To validate or not to validate, that is the question:
Whether ’tis nobler in the mind to suffer
The slings and arrows of illegible captcha scripts,
Or to take arms against a sea of anti-spam questions,
And by opposing end them?

picture-3Erm, what? To anyone not familiar with the numerous anti spam solutions available to protect email forms this may appear as understandable as Shakespeare does to me. Briefly, a ‘captcha’ system involves a user typing in the distorted letters and numbers displayed before a form can be processed. The anti-spam question asks a simple question (usually basic maths) to which you enter the correct answer and off you go. These methods are supposed to be a way of ensuring that it is in fact a human that is filling in the form and not one of these nasty automated junk mail spam bot thingamybobs.

So, what’s the problem? Well, anyone asking obviously hasn’t tried to use one before. They are a big obstacle to accessibility, even users with 20:20 vision have problems with them so goodness knows what the visually impaired make of them! At Elmnet we’ve used them before, but we now have a different approach and are going through our customers forms one by one. It will take a little time to get around everyone but we have a plan.

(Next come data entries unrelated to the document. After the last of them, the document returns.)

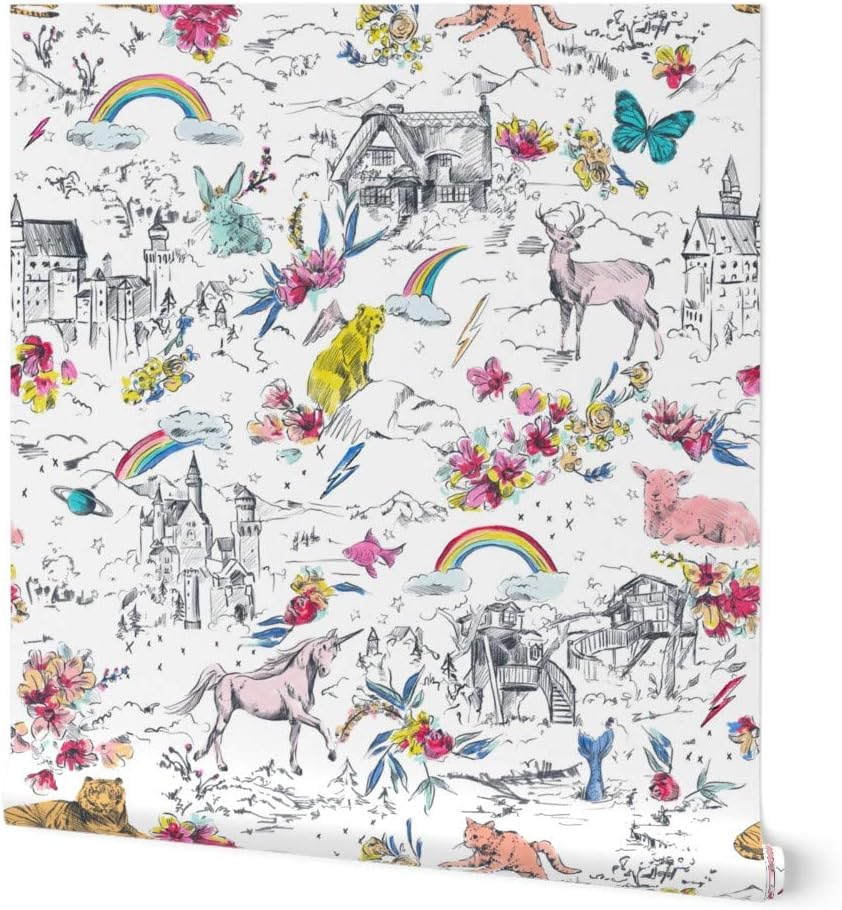 Peel & Stick Wallpaper 3ft x 2ft - Little Unicorn Rainbow Castle Mermaid Rabbit Butterfly Bear Custom Removable Wallpaper by Spoonflower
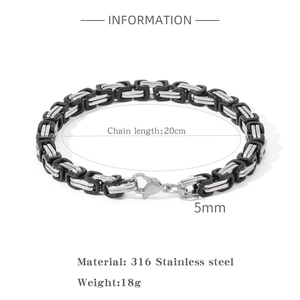 Detailed spec sheet for 316L stainless steel Byzantine chain with lobster clasp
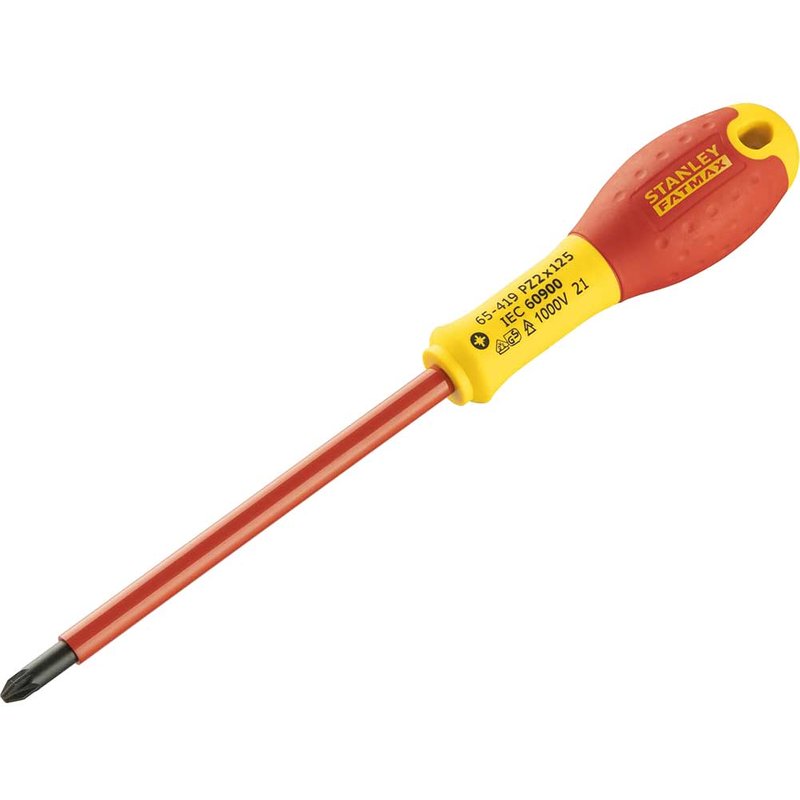 STANLEY® Hand Tools FatMax® VDE Insulated Screwdriver Pozidriv Tip PZ2 x 125mm 0-65-419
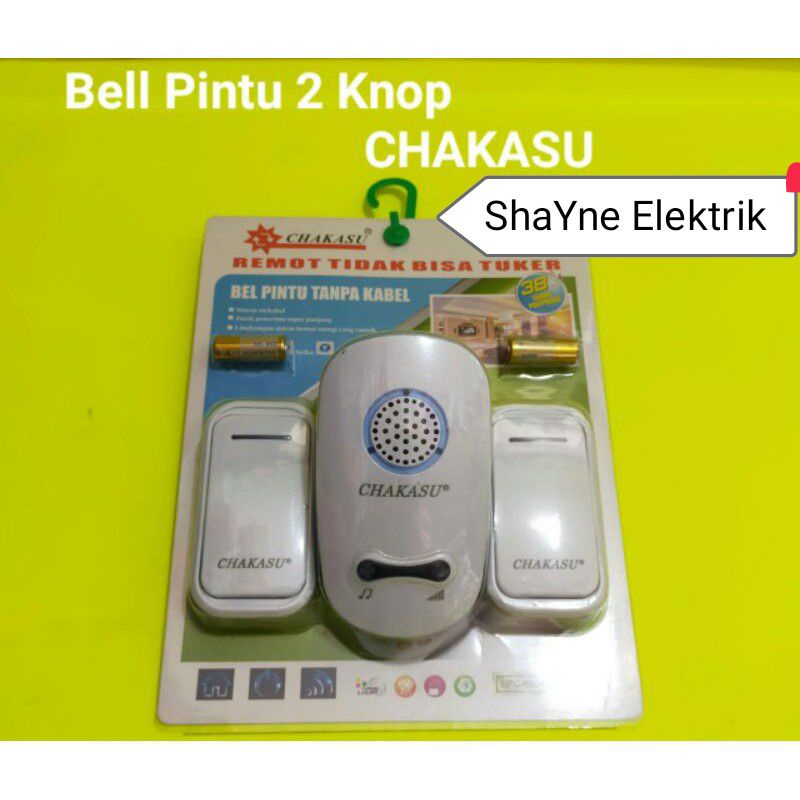 Bel Pintu Rumah Wireless 2 Tombol Chakasu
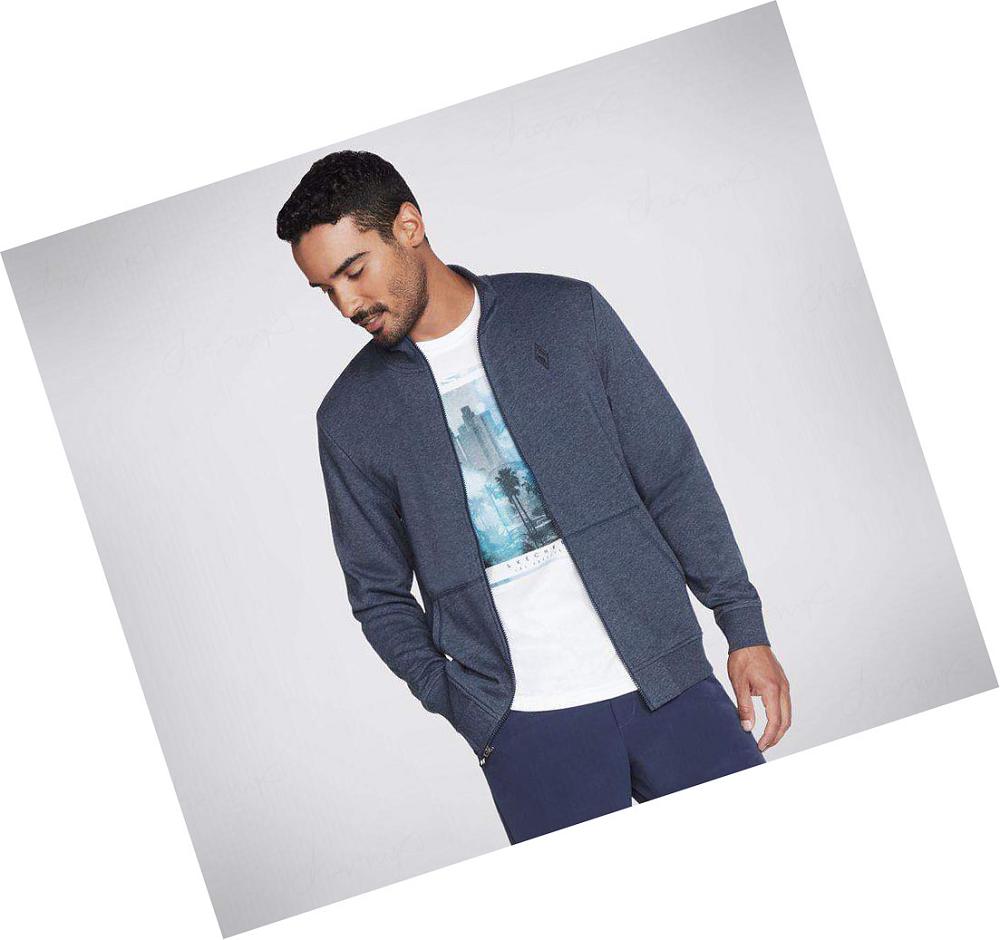 Chaquetas Skechers The Hoodless Hoodie GOwalk Everywhere Hombre Azul Marino | A812W_AR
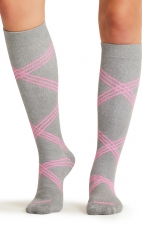 LX Support Twisted Shocking Pink Chaussettes Unisexe Moyenne Compression Hauteur des Genoux avec Arch Support par Cherokee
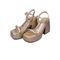 Sandália Feminina Meia Pata Salto Bloco Napa Holográfica Dourada - Marca Carolla Shoes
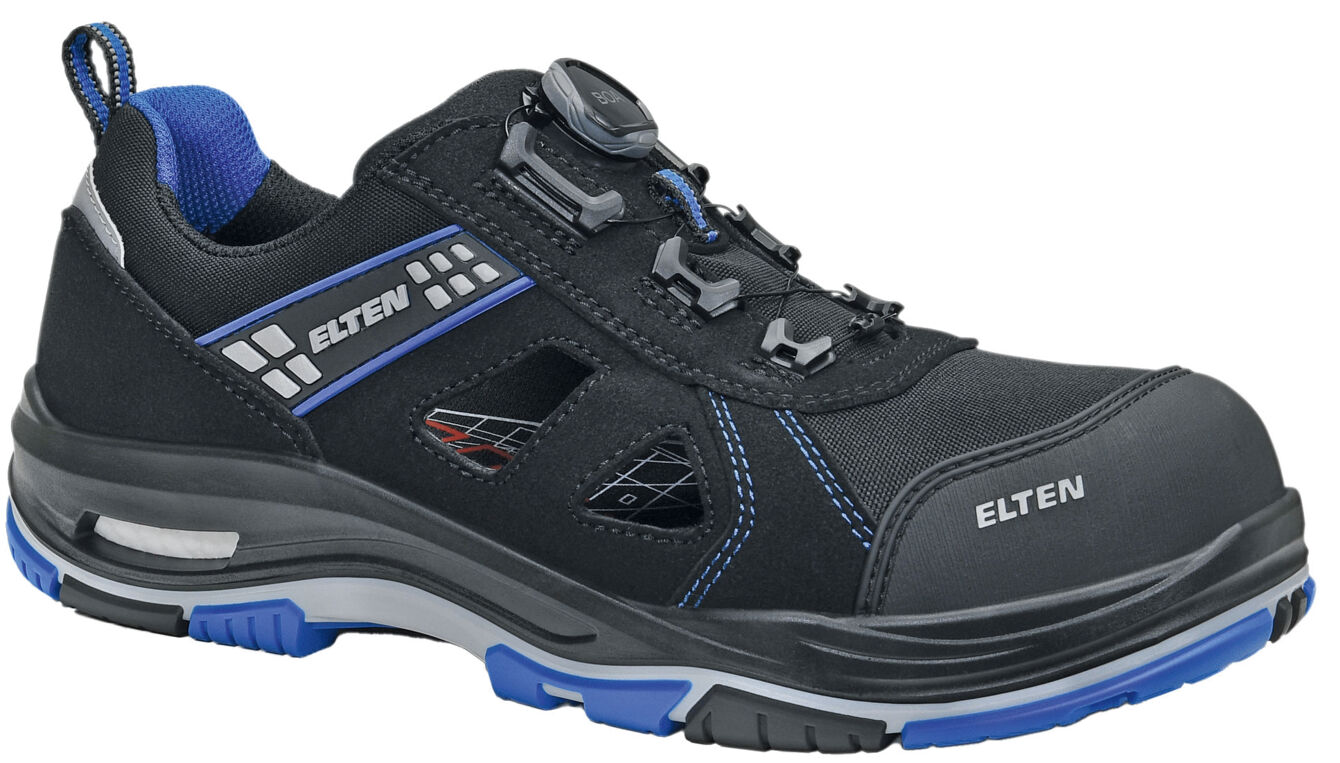 The shoe is black with blue accents. It has a sturdy sole and a special lacing with a closure system. Ideal for work or leisure. Lightweight and comfortable.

We built a series of web forms for Paul at PLJ Properties. The forms had a lot of work to do. They have to input the information entered to a database, add the user to a mailing list and send an email of the forms contents to the site owner. Needless to say we don’t want to have to waste our time with the spam robots filling in forms with random phrases and spam hyperlinks so we added a captcha protection system. It wasn’t particularly good. We then removed this and added an anti-spam question. This seemed to do the trick, but it wasn’t the most graceful of solutions. Then we tried a bit harder and came up with something quite simple – we validated our forms correctly.

This is a simple procedure that eliminates the need for captcha or antispam. How it works is that we specify what kind of inputs are allowed in certain fields. For example, ‘forename’ and ‘surname’ can only contain letters and spaces, and certainly no numbers. ‘Email address’ has to be in the correct format for an email address. ‘Telephone Number’ must contain only numbers and spaces and be of a certain length, and the ‘Enquiry’ box can contain all characters but it can’t contain ones starting with ‘http://’. A favourite trick of spammers is to insert hyperlinks into webforms in the hope that they will appear on the web in some shape or form.

If the entries of the webform match this criteria then it is allowed through. If it doesn’t then it’s not. Simple! No squiggly letters to fill in, no questions to answer, no blocks to useability or accessibility, just common sense!